Actually, an illustrative example of my "maybe there was a factor you didn't know about" answer: my cousin got me a book for Christmas (she couldn't be with us, so she sent it to my folks to wrap in her stead and have the big fun unwrapping moment). The only thing is: she got me a book I already had.

When we Skyped her later, I smiled big and thanked her, because hell, it wasn't HER fault that she didn't know I already had it. In fact, I felt a little guilty that I couldn't be more enthusiastic about it. So I smiled big and thanked her, and secretly used the gift receipt to exhange it at Amazon.

What I'm getting at is: maybe there is some factor that you are not aware of that's getting in the way of this gift's use. She does not hold you at fault for not knowing this -- on the other hand, what she may be feeling is "oh, crap, I can tell Mintchip really put thought into picking this out but [extenuating circumstance] and I won't be able to use it! Dammit, what do I do!" And so she's thanking you, because she sincerely is grateful, and knows that you didn't know [extenuating circumstance].
posted by EmpressCallipygos at 9:07 AM on January 19, 2012


Talk to her. Listen to her. Be kind.
posted by amtho at 11:04 AM on January 19, 2012


Next year: Jane, I'd like to get you a gift you'll really like. Can you give me some ideas? thanks.
posted by theora55 at 11:07 AM on January 19, 2012 [1 favorite]


your sister in law does not know the best way to tell you that she does not like the gifts you purchased for her. She thanked you profusely but maybe feels too guilty to exchange the gifts because she knows you put time and effort into picking them out for her. And from your description, it doesn't sound like these gifts were purchased from some big box store and accompanied with a gift receipt--if it was, she could exchange them without issue. In fact, if you got her something that she can't exchange, then she really can only thank you, and then hide it in a closet or re-gift it.

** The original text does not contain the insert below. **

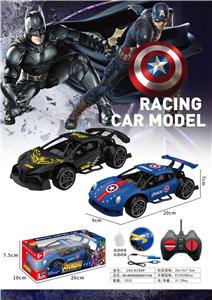 Remote control cars / tanks - OBL10396668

I don't like to give gift cards either, but next year I would get her something from a store that you know she has in her town, and attach a gift receipt. Or, instead of getting her what you think she would like, ask around and find out what stores she shops in.

Earrings and home decor items are VERY taste-specific. I wouldn't trust my own mother to pick them out for me.
posted by inertia at 12:59 PM on January 19, 2012 [1 favorite]

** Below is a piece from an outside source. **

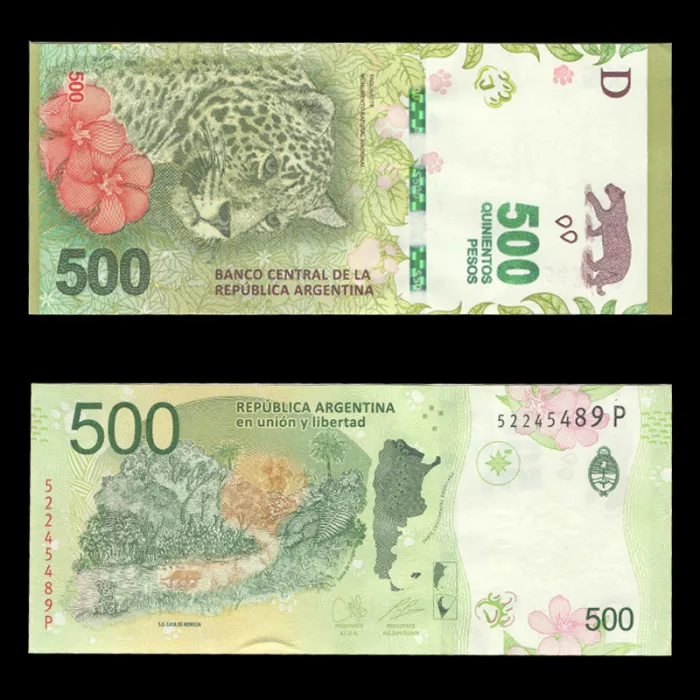 اسکناس 500 پزو آرژانتین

fromageball: I have some family members(mom is the worst) who are impossible to buy for...gift cards they won't use, jewelery they don't wear, if you get them some sort of nice food item they will "save it"(one year my mom's neighbor made some nice flavored vinegars to give as gifts and my mom put it on a shelf and said she would save them for a special occasion...10 years later they were still there),

Just wanted to say, this doesn't necessarily mean she doesn't like them! You know your mom best, but my mom does this with things she like the *most.* Her nicest things, she will NEVER use them. When I was growing up one of my aunts gave my mom her old dining set. My mom was obsessed with that dining set and LOVED it. We weren't allowed to touch it. It's been in the room that became "the dining room" for 15 years now and has been never used once. If someone grew up without a lot of money or material possessions, or is any kind of hoarder they will probably be like this with their nicest stuff. I am like this also with my nicest/most expensive sweaters. I have like 5 really nice ones that I've either worn once or not at all. It makes me happy to see them in my closet though, and know that I have them if I ever needed them. So just saying... it's not necessarily dislike if she doesn't use your presents! It could be ultra-like and the enjoyment of feeling prepared and well-stocked.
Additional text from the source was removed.